Bhabha destaca nos escritos do filósofo argelino a especificidade da localização da sua pergunta central: “o que deseja o homem negro?” Não é mais simplesmente o homem moderno ocidental, mas o “homem negro” que passou por singulares processos históricos de luta que formam a sua(s) identidade(s). De tal pergunta verifica-se a importância da subjetividade e do desejo – para não esquecer a influência da psicanálise – e, portanto, da importância do sujeito para a compreensão dos fenômenos sociais da “pós- modernidade”.
Duas teorias que não se referem diretamente ao estruturalismo ou pós-
estruturalismo procuram alternativas para se pensar a relação entre agência e estrutura. A Teoria da Estruturação do sociólogo inglês Anthony Giddens e a categoria de habitus do sociólogo francês Pierre Bourdieu.
Bourdieu elabora em sua teoria da prática social a relação entre o espaço
social – estrutura – e a atuação dos sujeitos – campo, habitus. Numa complexa formulação e relação entre as categorias, o sociólogo desenvolve o argumento de que os indivíduos se localizam no espaço social e se movem de acordo com o campo em que atua, possibilitando alterações no espaço social. O habitus permite a relação do sujeito com o espaço social, por meio dessa categoria é possível internalizar as determinações exteriores. Nota-se que há uma alternativa para se pensar sobre a agência e a estrutura, embora não fique muito clara as possibilidades de os sujeitos modificarem as estruturas alterando seu campo de ação ou fazendo parte de outro, assim como não se percebe nas formulações de Bourdieu, a possibilidade de o espaço social ser modificado por uma atuação consciente dos agentes.
Em Giddens também há a preocupação em relacionar agência e estrutura.
Para o sociólogo inglês, a estrutura requer o agente que além de internalizar as determinações externas a ressignifique. A estrutura só existe na medida em que os agentes a coloquem e movimento e lhe atribua significados. Daí a teoria da estruturalização.
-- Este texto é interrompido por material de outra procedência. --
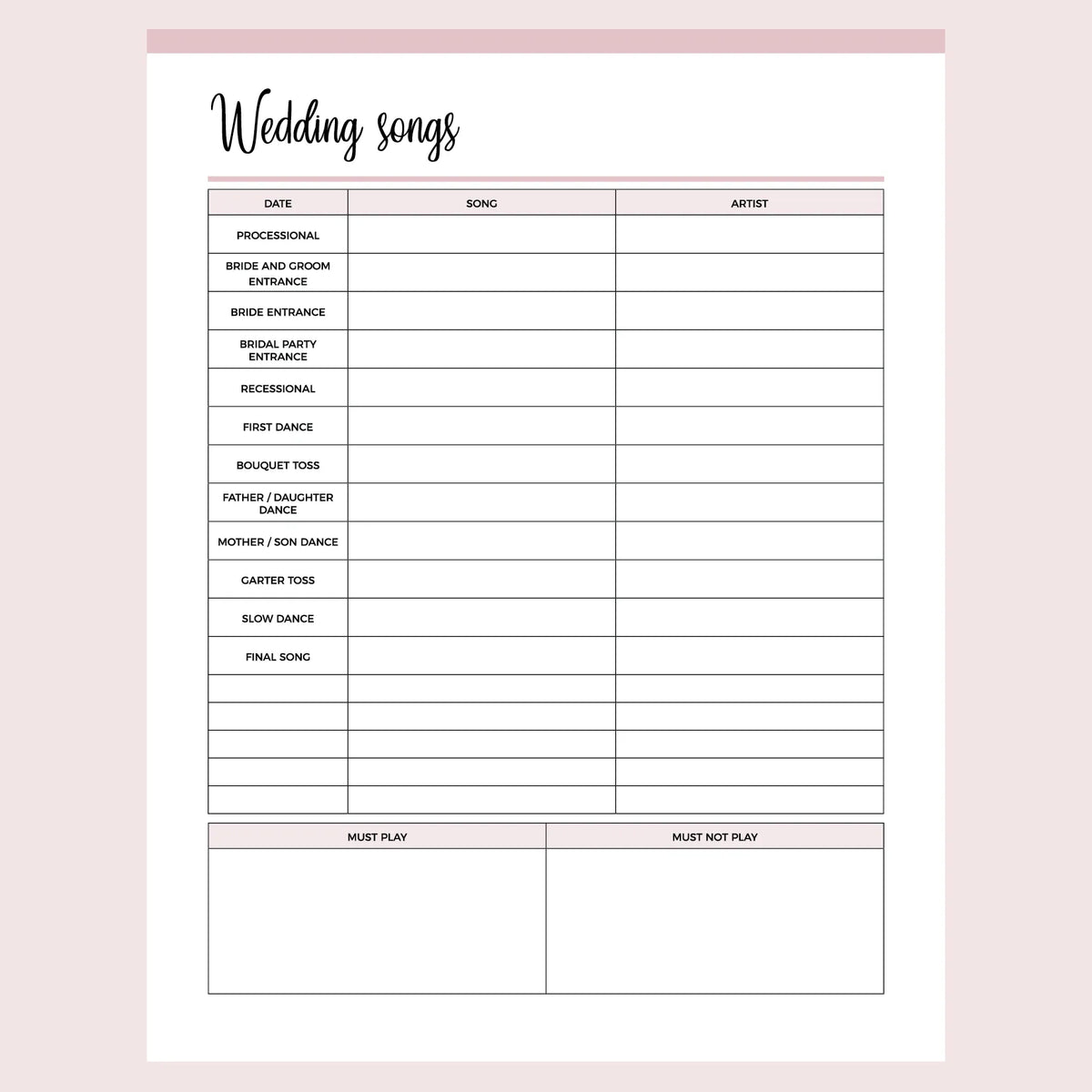 Printable Wedding Song Planner, Instant download PDF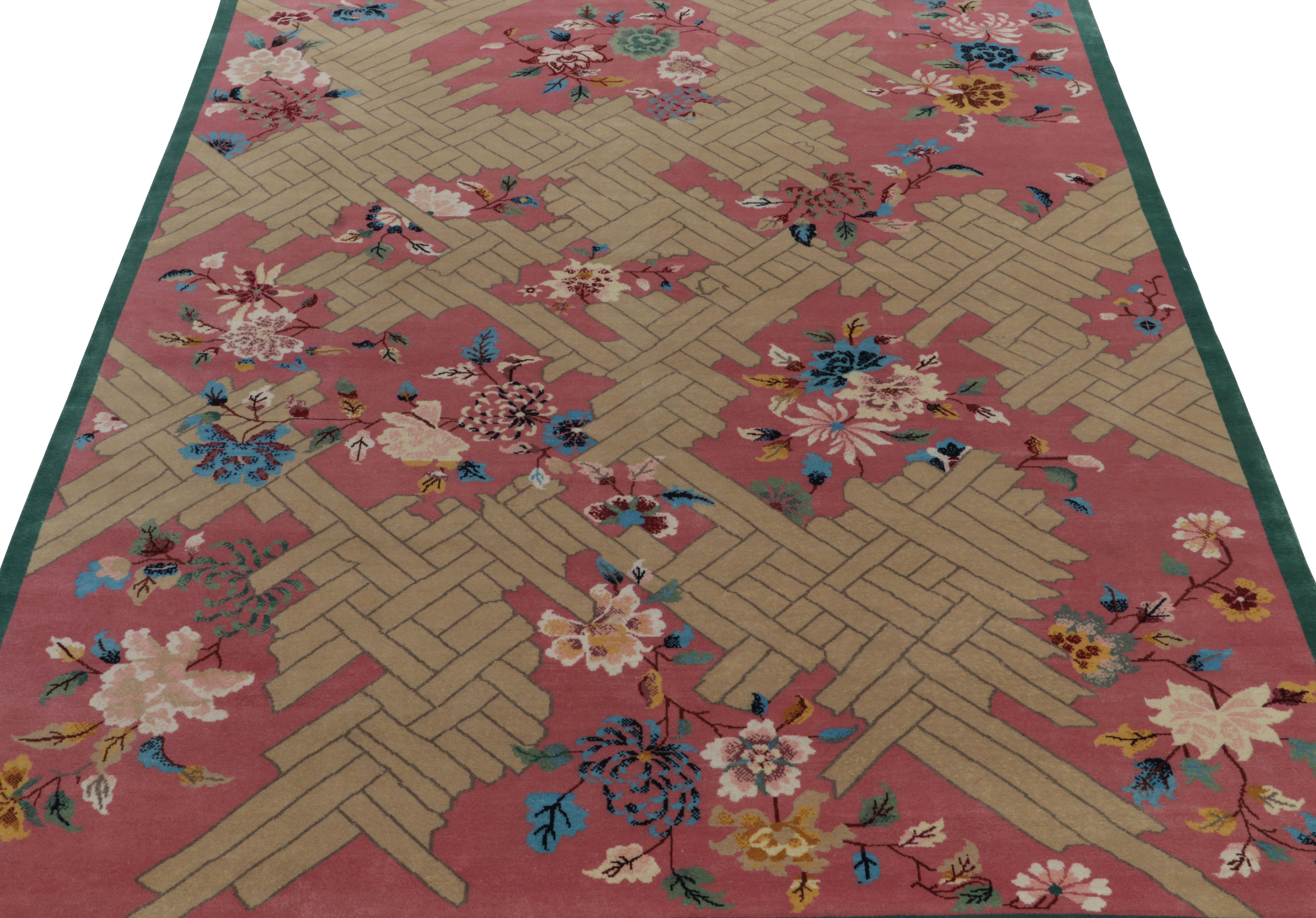 Art Deco Rug & Kilim’s Chinese Deco Style rug in Pink, Beige & Blue Floral Patterns For Sale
Nota-se que o desenvolvimento das ciências sociais resulta no aprofundamento
da questão da relação entre agência e estrutura. Os estudiosos, com o tempo, parecem privilegiar a análise que aborda a relação entre as esferas e não mais um dos lados. Trata-se de importante fundamentação metodológica para orientar novas pesquisas, escapando tanto do objetivismo de Durkheim e dos estruturalistas, assim como do subjetivismo presente, em alguma medida, em Max Weber e nas teorias influenciadas por esse autor. Talvez tenha sido Marx, entre os clássicos, o que esboçou a relação entre agência e estrutura, se isso, talvez seus seguidores a tenham deformado com o tempo. Nota-se a presença dos debates sobre identidade, etnias, cultura e movimentos sociais, identificando o papel do sujeito na construção de suas perspectivas e de seu lugar de pertencimento. O agente estável das teorias predominantes são substituídos pela emergência do agente híbrido, que possui múltiplas identidades, que vivencia contextos culturais diversos e se encontra em constante mudança – muitas vezes contraditórias – devido ao acesso à informação e contato com distintas culturas ou por se encontrar em situações limites, como por exemplo, as formas de migração e de refugiados que caracterizam as sociedades contemporâneas. Um indivíduo afetado pelo contexto do qual emerge o refugiado – geograficamente e culturalmente flutuante e híbrido – não pode ser fechado numa categoria de classe, por exemplo, mas relacionado com as diversas situações e contextos culturais, políticos e sociais que afetam as suas perspectivas, a sua cultura e identidade. Autores como Stuart Hall e Homi Bahba demonstram essas situações híbridas.
Rever a ideia de retorno do indivíduo, trata-se de uma problematização de
paradígimas, não o sujeito fixo, mas o sujeito híbrido.